22 March 2019

Perverse incentives in healthcare

The perverse incentives in healthcare are pervasive, worrying and unsustainable. Joseph Jarvis speaks eloquently about those that afflict the American healthcare system here. One example: he points out that investment in urgently needed new antibiotics is too low because the pharmaceutical industry prefers to develop drugs that will be taken for a lifetime, rather than a couple of weeks.


What the US and many countries have is a market not for health, but for treatment. It's nothing like a free, competitive market, being subject to the usual distortions and inefficiencies that ensue when big business manipulates the government and regulators. It's called a market, because much of it's run, nominally, by the private sector. But we are seeing worldwide a convergence of the interests of the public sector and big business, which often takes the form of policies that conflict with the goals of ordinary people. 

The 'market' is often evoked rhetorically, and that unfortunately discredits the whole notion of the market as the most efficient way we have of allocating society's scarce resources. There is a market in the US for healthcare, in the sense that the industry reacts rationally to the incentives on offer. But the incentives have little to do with the well-being of citizens, and a lot more to do with the short-term, narrowly measured, goals of doctors, insurance companies, hospitals and pharmaceutical companies. The perversity is that the healthier the citizenry, the more parlous the state of the medical industry.


Where does the Social Policy Bond idea come in? My starting point would be to define and reward the achievement of society's health goal, so that the structures and activities of the sectors that support that goal would be entirely subordinated to that goal rather than, as now, the other way round.

 
On a national level, physical health could be defined as a range of targets, all of which would have to be reached and sustained before we can say we have achieved our goal, at which point Social Policy Bonds targeting health could be redeemed. My suggestion is that our goal would include such targets as: longevity, Quality Adjusted Life Years, and infant mortality. There would be others, to be decided by experts in consultation with ordinary citizens.
Where does this get us? It puts in place a system whereby people are rewarded for bringing about actual improvements in health. Not for screening, or curing or treating disease, nor for selling drugs or health insurance. Those are indirect means to an end, rather than ends in themselves and the results are lamentable: pills that are no better than placebo (see here and here). Or incentives to over-diagnose and over-treat. Or to falsify or otherwise manipulate the results of drug trials.

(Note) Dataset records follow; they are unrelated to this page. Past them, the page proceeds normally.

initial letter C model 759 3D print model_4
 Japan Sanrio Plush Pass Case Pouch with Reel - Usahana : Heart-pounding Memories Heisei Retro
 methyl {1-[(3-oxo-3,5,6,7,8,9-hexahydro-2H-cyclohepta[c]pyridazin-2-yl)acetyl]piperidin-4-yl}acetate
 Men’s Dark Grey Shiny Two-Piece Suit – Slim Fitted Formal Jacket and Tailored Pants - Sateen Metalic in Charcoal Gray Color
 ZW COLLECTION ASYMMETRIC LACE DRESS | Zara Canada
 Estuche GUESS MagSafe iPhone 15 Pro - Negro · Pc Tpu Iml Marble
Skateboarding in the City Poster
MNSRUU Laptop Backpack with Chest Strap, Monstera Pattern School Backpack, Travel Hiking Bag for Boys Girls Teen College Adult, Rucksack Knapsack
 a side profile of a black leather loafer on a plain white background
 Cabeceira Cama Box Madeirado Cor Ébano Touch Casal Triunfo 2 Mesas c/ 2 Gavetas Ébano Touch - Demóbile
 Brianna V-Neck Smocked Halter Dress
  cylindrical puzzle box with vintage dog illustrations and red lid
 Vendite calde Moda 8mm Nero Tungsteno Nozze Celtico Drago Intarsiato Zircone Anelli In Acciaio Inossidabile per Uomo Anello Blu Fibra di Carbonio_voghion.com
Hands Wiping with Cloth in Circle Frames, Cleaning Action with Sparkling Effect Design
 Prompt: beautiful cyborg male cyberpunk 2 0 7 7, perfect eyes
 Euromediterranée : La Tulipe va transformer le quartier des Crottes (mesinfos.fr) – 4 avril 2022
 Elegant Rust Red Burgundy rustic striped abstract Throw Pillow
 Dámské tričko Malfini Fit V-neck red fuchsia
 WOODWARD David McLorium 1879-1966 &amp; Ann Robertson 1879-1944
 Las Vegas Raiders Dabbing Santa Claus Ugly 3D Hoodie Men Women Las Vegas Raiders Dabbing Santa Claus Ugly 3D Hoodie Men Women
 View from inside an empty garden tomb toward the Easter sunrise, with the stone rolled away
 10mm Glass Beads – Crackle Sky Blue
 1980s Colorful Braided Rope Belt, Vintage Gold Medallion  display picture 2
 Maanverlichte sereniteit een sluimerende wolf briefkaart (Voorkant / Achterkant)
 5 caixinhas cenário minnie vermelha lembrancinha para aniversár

Health Bonds would change all that. All the activity they stimulate and reward would be entirely subordinate to society's health goal. There would be a market - for the bonds - but it would be society's servant, not its master. The Social Policy Bond principle uses the market as a means to society's goals. It doesn't view the market as an end in itself. Under a Health Bond regime, the the end that the market serves under a bond regime will be society's health, as defined and targeted by society itself. The goals of those working in any field impinging on society's health would be exactly congruent with those of ordinary citizens: to improve society's health as quickly and efficiently as possible.